Kalt ist’s geworden, der Wind pfeift ordentlich, während die schweren Flugzeuge rund um den nahegelegenen Bundeswehrstützpunkt blumenförmige Routen in den Himmel fräsen. Bisweilen kann einen das schon fast vom Mountainbike in die Dünen fegen: Schreckmomente, wenn Hercules und Atlas steile Kurven fliegen, um dann in geringer Höhe über den Strandweg zu donnern. Leuchtende Kugeln fallen aus dem Rumpf, Geräusche wie kleine Feuerwerkskörper aus der Ferne. Es macht nachdenklich, das Szenario; und ich erinnere mich an die Kindheitsmomente meiner Mutter, von denen sie erzählte. Ihr Grauen vor den »Christbäumen«, den Leuchtspurmarkierungen, die den Bombenangriffen auf ihre Heimatstadt Berlin vorangingen.
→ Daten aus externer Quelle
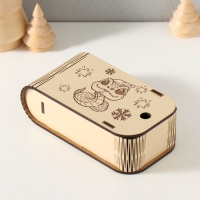 Новогодняя шкатулка "Змея. Звёздочки-снежинки" 13х7х4 Новогодняя шкатулка "Змея. Звёздочки-снежинки" 13х7х4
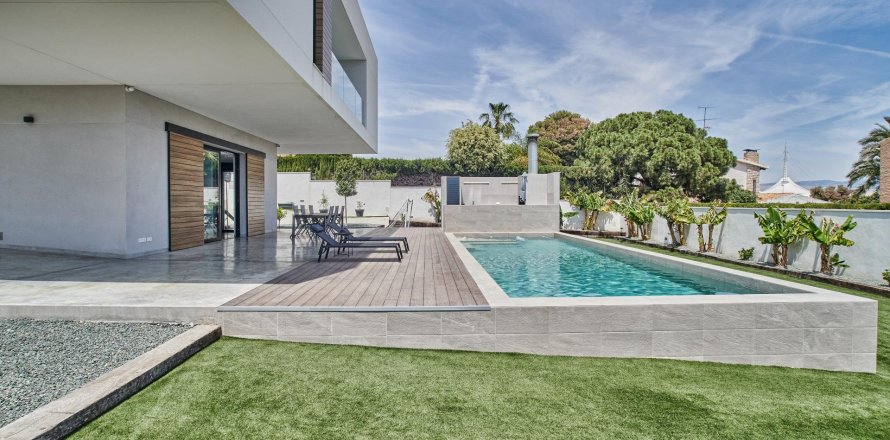 Villa à Alicante, Espagne 5 chambres, 361 m2 No. 181684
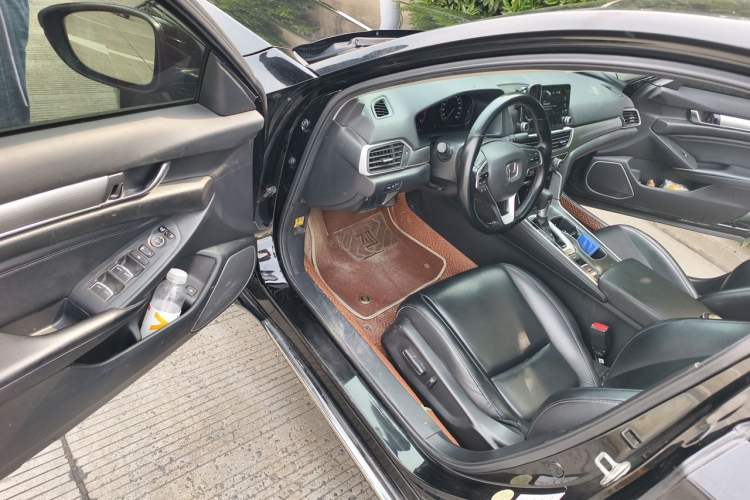 Used Honda Accord 2018 260TURBO Elite Edition China VI Driver Seat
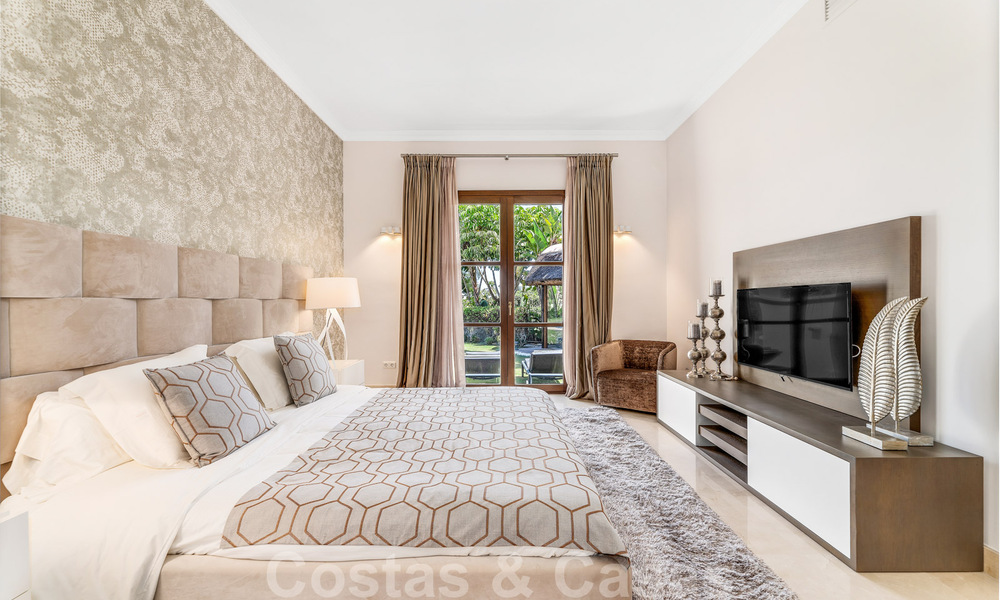 Spacieuse villa de luxe à vendre, de style andalou, située en hauteur à Nueva Andalucia, Marbella 45095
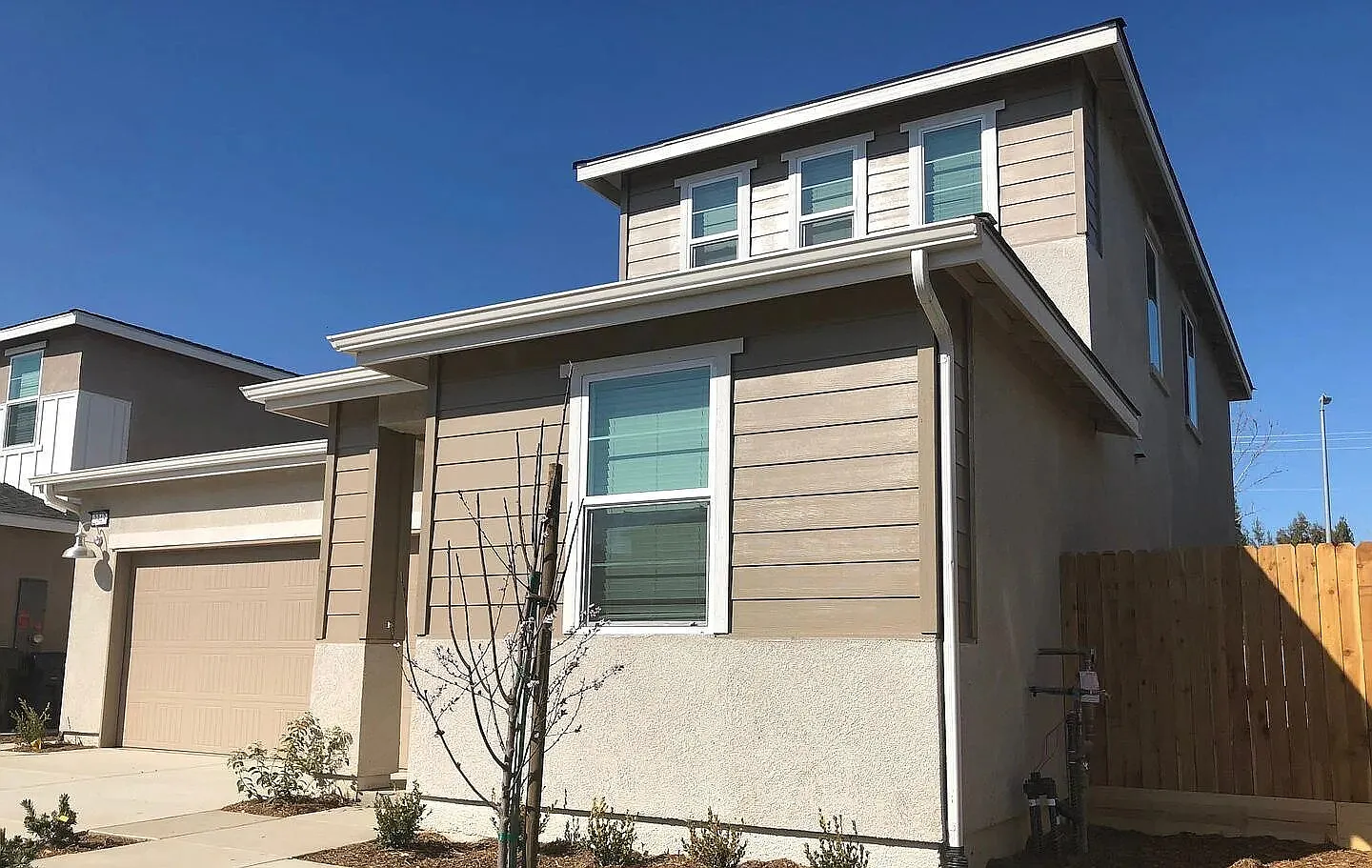 4 bed, 3.0 bath, 2102 sqft, $2,300 — Photo 1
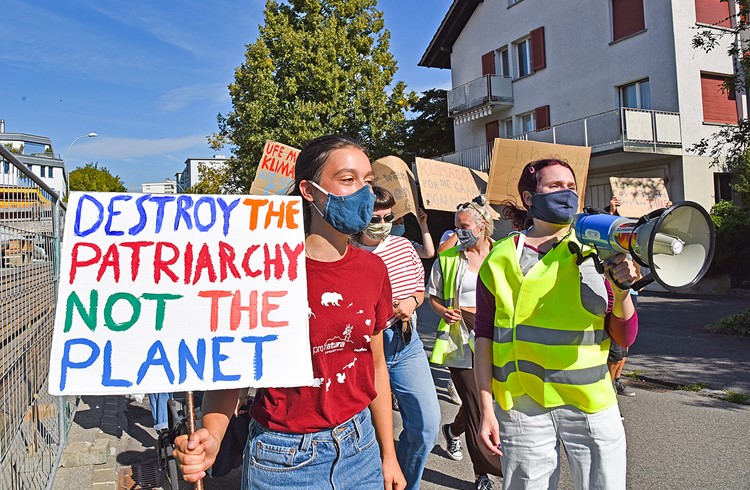 Nina Elmiger (in rot) demonstrierte am Samstag fürs Klima. (Foto Sarah Amrein)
Und doch ist es idyllisch im Norden, ein wenig Drama am Himmel, eine Prise Melancholie. Das Licht, immer wieder, irgendwo zwischen krachend bunt in der Sonne und graublaugrau unter den Wolken; auf den Salzwiesen stehen die wolligen Galloway-Rinder, drumherum Tausende von Zugvögeln. Allesamt unbeeindruckt von den Flugzeugen, in stoischer Ruhe grasend die einen, in langen Ketten landeinwärtsfliegend die anderen. Die Rufe von Gänsen und Kranichen übertönen das Brummen vom Himmel, wenn die nächste Schleife geflogen wird. Ein paar späte Libellen sind noch unterwegs, flauschige Raupen krabbeln auf dem Weg herum, das Schilf raschelt im Wind.
Überhaupt könnte man zum Poeten werden: Blasslila Herbstzeitlosen, hellgelb leuchtender Großer Bocksbart, ein paar späte Rosen mit zartem Duft, rote Kleeblüten, Hagebutten, buttergelbe Äpfel mit roten Wangen in den Ästen der zerzausten Bäume. Der alte Leuchtturm trägt ein Gerüst, die Planen davor blähen sich im Wind – als ob der Turm die Segel setzte, bereit, mit dem Wind und den Zugvögeln fortzuziehen. Die Wege sind einsam, es zieht nur die hartgesottenen Besucher bei diesem Wetter ins Freie. So gehören die stillen Momente auf dem Mountainbike ganz mir: Silberreiher im Moor, knarrend röhrende Damhirsche im Wald, Herbstklänge im Ohr, den Geruch nach Erde, Salzwasser und Holzfeuer in der Nase.
Der eisige Nordwestwind zwickt in Nase und Wangen, gegen die stürmischen Böen wird die Tour zum Leuchtturm zur Herausforderung auf Schotter, durch Sand und bunt wirbelndes Laub, über knirschende Eicheln und Bucheckern. Zurück geht’s dann im Windschatten der Dünen; das kleine Haus mit Reetdach am Hafen knackt und knarrt vor sich hin. Ein Stückchen weiter unter den Bäumen stehen vier Rehe, regungslos beobachtend, nur wenige Meter trennen uns, als ich vorbei radele. Man teilt sich gelassen die Umgebung: friedvolle Momente aus Wolken, Licht und Stille.